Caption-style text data
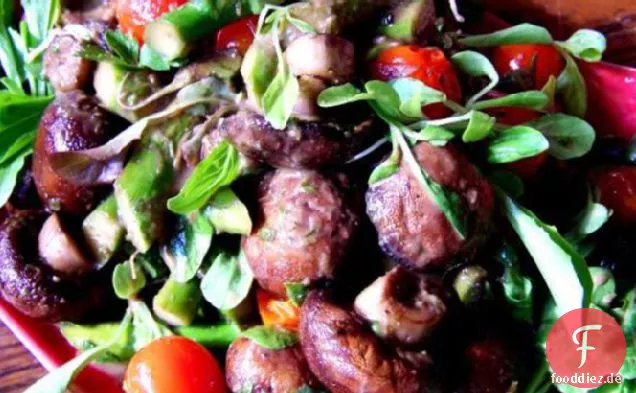 Warmer gerösteter Gemüsesalat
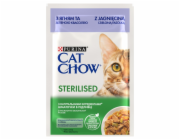 PURINA NESTLE PURINA Cat Chow Sterilised with lamb and green beans in sauce - mokré krmivo pro kočky - 26x85g (20 + 6 GRATIS)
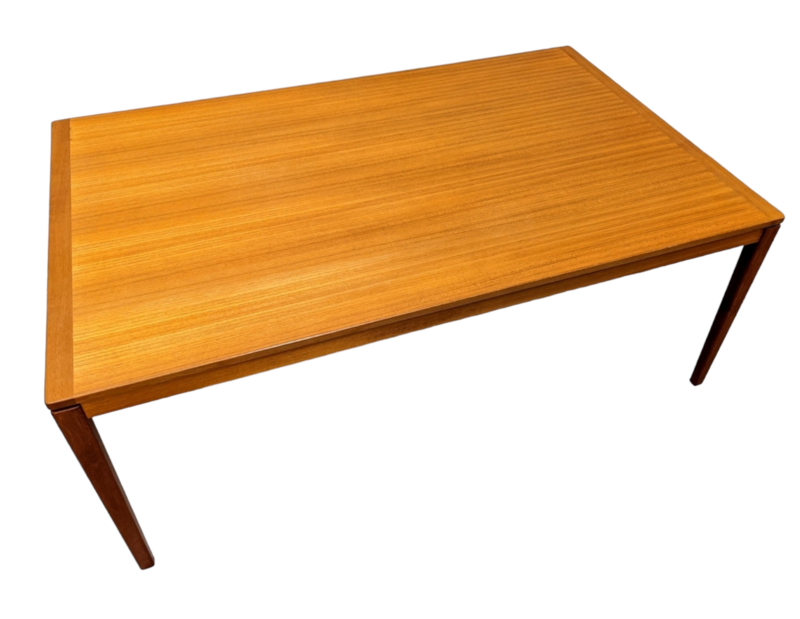 Mid Century Solid Large Mid Century Teak Coffee Table by Ejsing Mobelfabrik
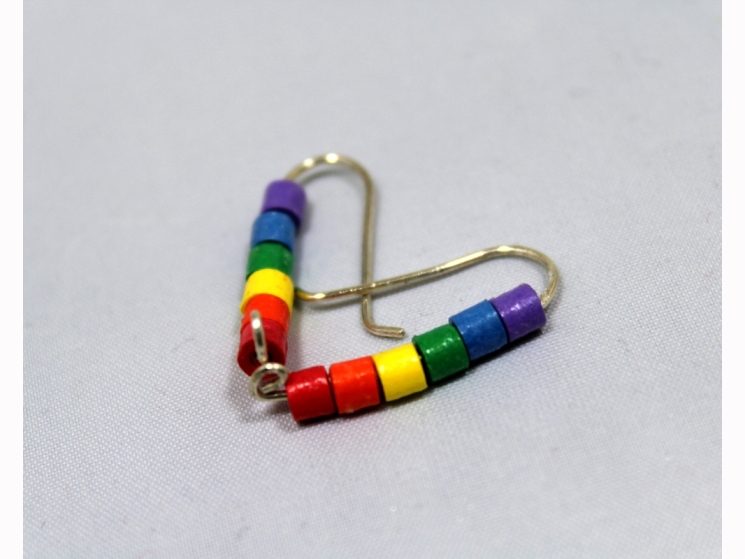 rainbow ear climber, gay pride jewelry, gay pride earrings, rainbow ear crawler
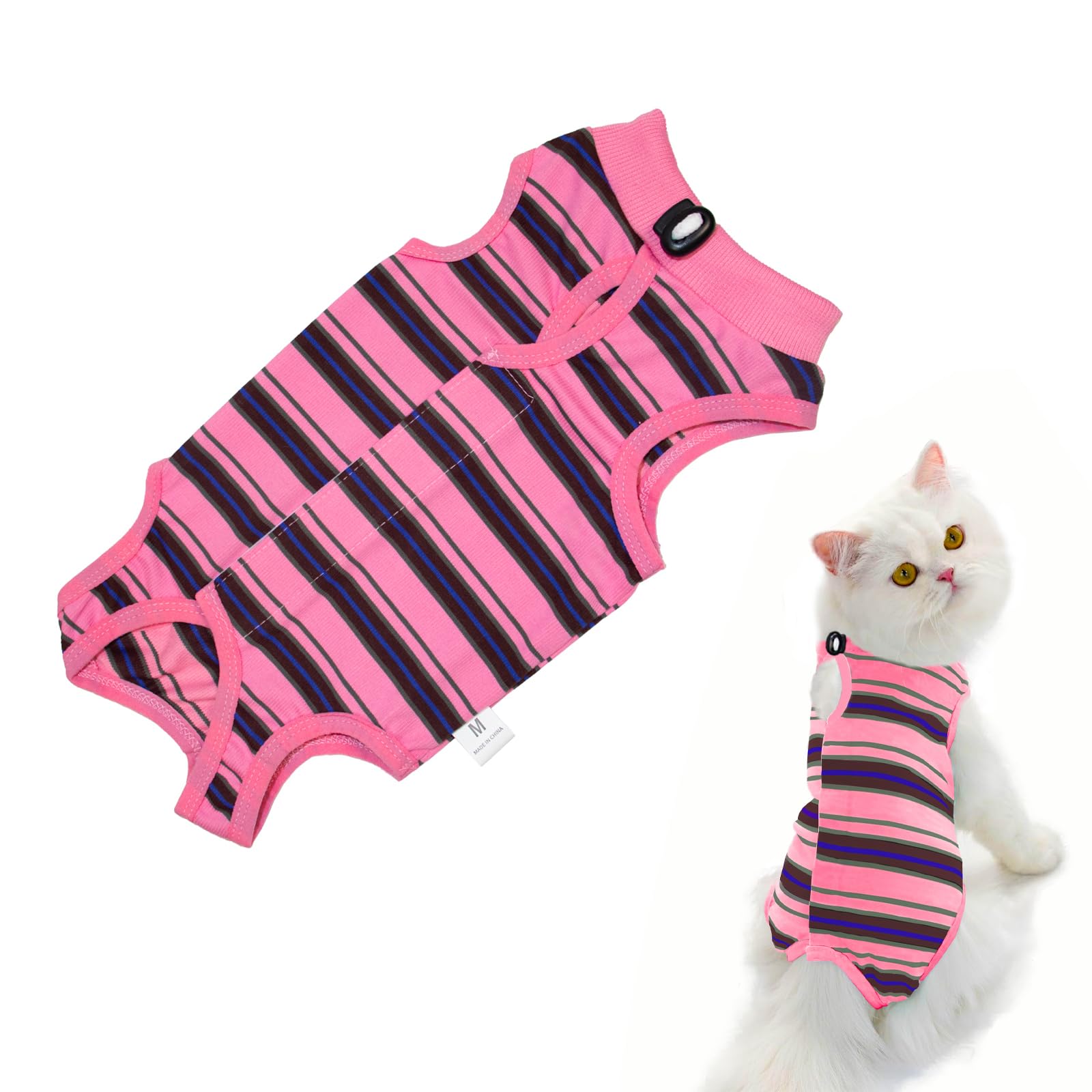 Cat Professional Recovery Suit，Body Suits for Abdominal Wounds or Skin Diseases，E-Collar Alternative for Cats, Onesie Cat Clothes After Surgery Collar & Cone Alternative — view 22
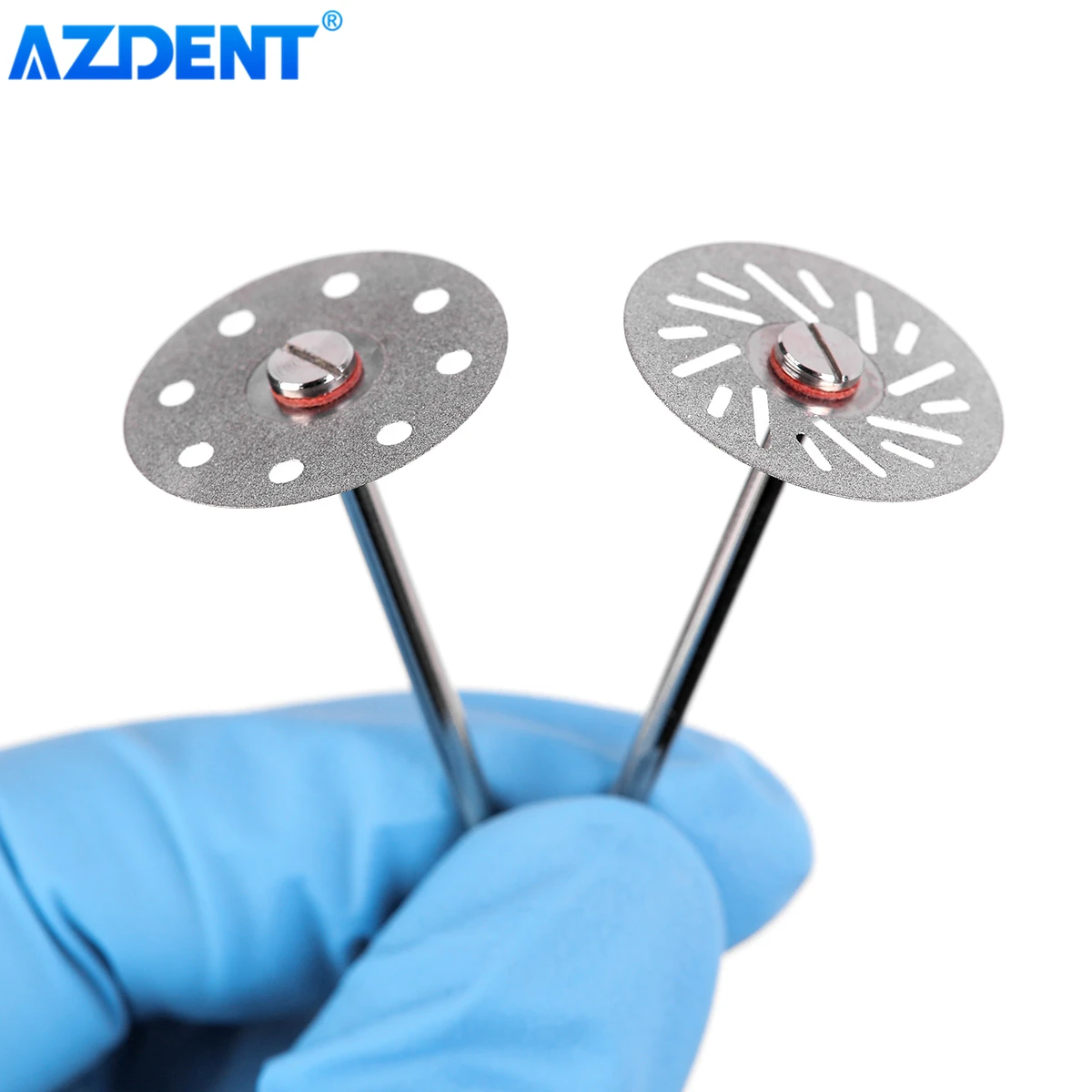 AZDENT-disco de diamante para laboratorio Dental, herramienta de corte ultrafina de doble cara, pulidor de odontología, diámetro de 22mm, 11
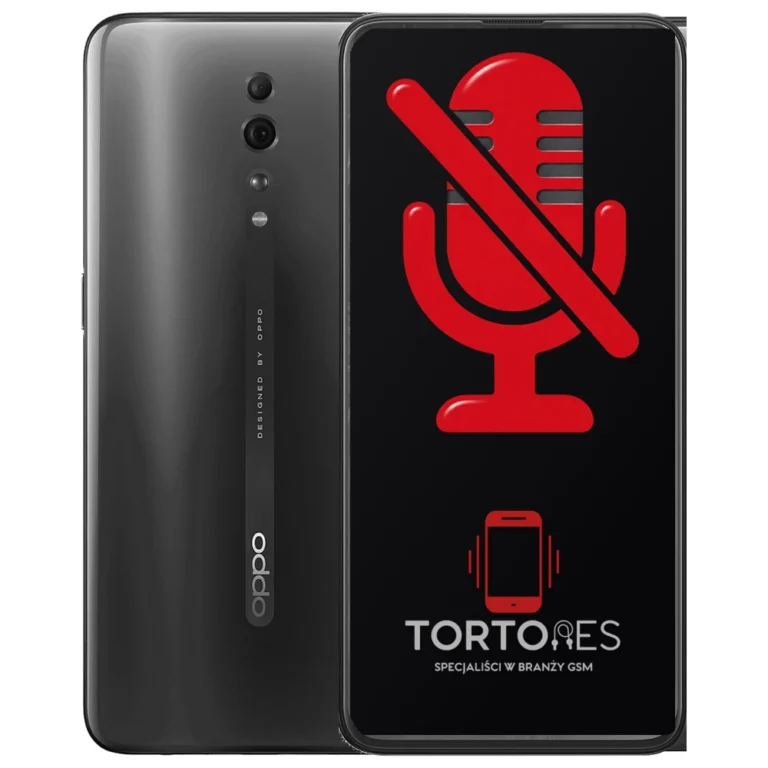 OPPO Reno Z z symbolem mikrofonu - naprawa mikrofonu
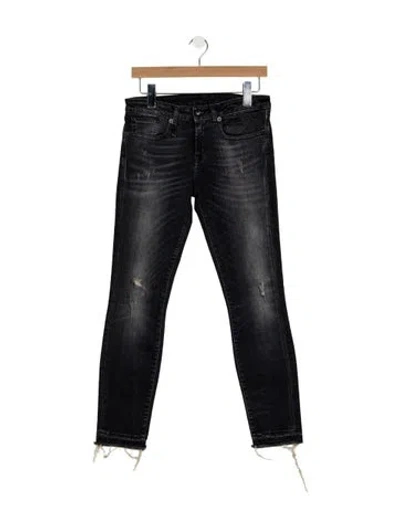 Pre-owned R13 Mid-rise Skinny Leg Jeans In Black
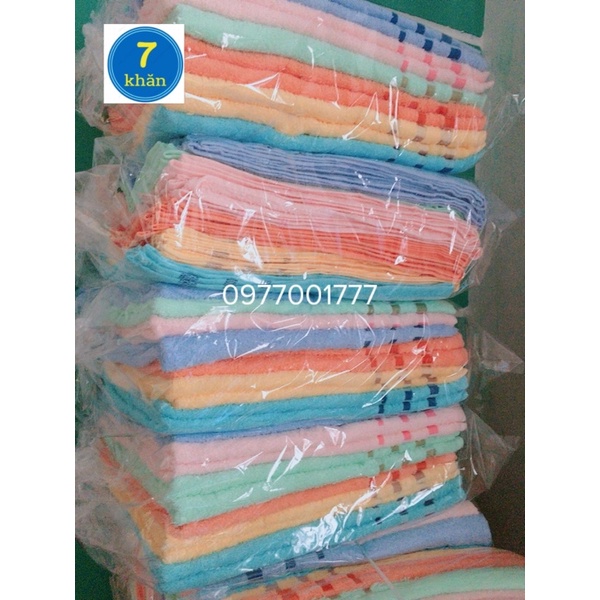 [Chính hãng] Khăn tắm Hải Cẩu 50x100cm Phong Phú 100% cotton - Mẫu Ô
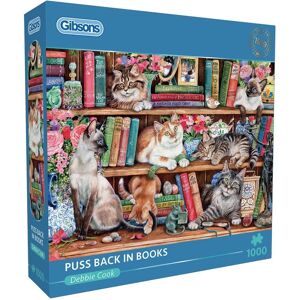 Gibsons Brand Puss Back in Books 1000 Pieces Puzzle Gibsons Brand Puss Back in Books 1000 Pieces Puzzle
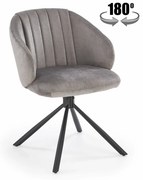 Scaun rotativ K533 stofa gri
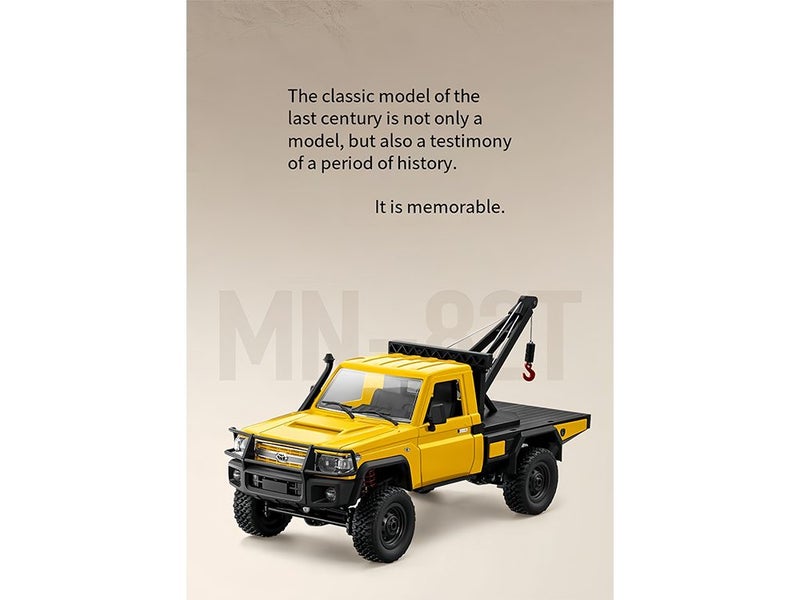 MN 1:12 Rescue RC Truck - 4WD Crane Crawler Carousel 9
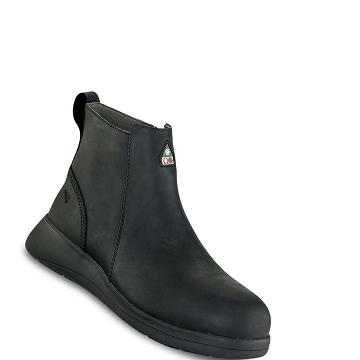 Black Red Wing CSA 5-inch Safety Toe Slip-On Women's Shoes | CA385KOR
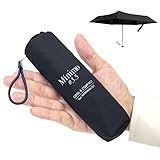 超ミニ クール 折りたたみ傘 日傘 【Minimo#3.5】 16.5cm 軽量 150g 遮熱 親骨50cm x 5本 遮熱性効果温度-36.2℃ UPF50+ コンパクト UVカット100% 遮光率100% 抗風 折り畳み傘 晴雨兼用 ポケットサイズ ミニ傘 小さい 晴雨兼用傘 紫外線カット 高撥水 メンズ レディース ミニマリスト ミニモ (ブラック）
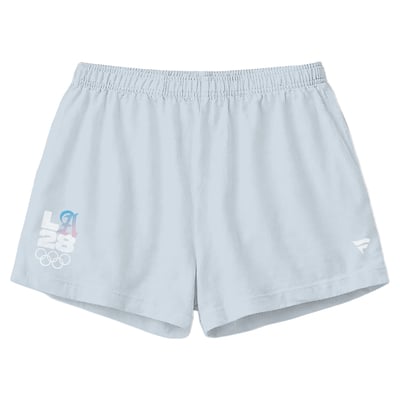 Short de détente Fanatics LA28 Collection Bluebell pour femme - Bleu clair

- **Assigned task**: In the records above, find the line containing "[Chính hãng] Khăn" and the line containing "超ミニ クール 折りたたみ傘", then give both of them again word for word along with every line between. Omit any pictures.

- **Result of this task**:
 [Chính hãng] Khăn tắm Hải Cẩu 50x100cm Phong Phú 100% cotton - Mẫu Ô
 Gibsons Brand Puss Back in Books 1000 Pieces Puzzle Gibsons Brand Puss Back in Books 1000 Pieces Puzzle
 Scaun rotativ K533 stofa gri
 MN 1:12 Rescue RC Truck - 4WD Crane Crawler Carousel 9
 Black Red Wing CSA 5-inch Safety Toe Slip-On Women's Shoes | CA385KOR
 超ミニ クール 折りたたみ傘 日傘 【Minimo#3.5】 16.5cm 軽量 150g 遮熱 親骨50cm x 5本 遮熱性効果温度-36.2℃ UPF50+ コンパクト UVカット100% 遮光率100% 抗風 折り畳み傘 晴雨兼用 ポケットサイズ ミニ傘 小さい 晴雨兼用傘 紫外線カット 高撥水 メンズ レディース ミニマリスト ミニモ (ブラック）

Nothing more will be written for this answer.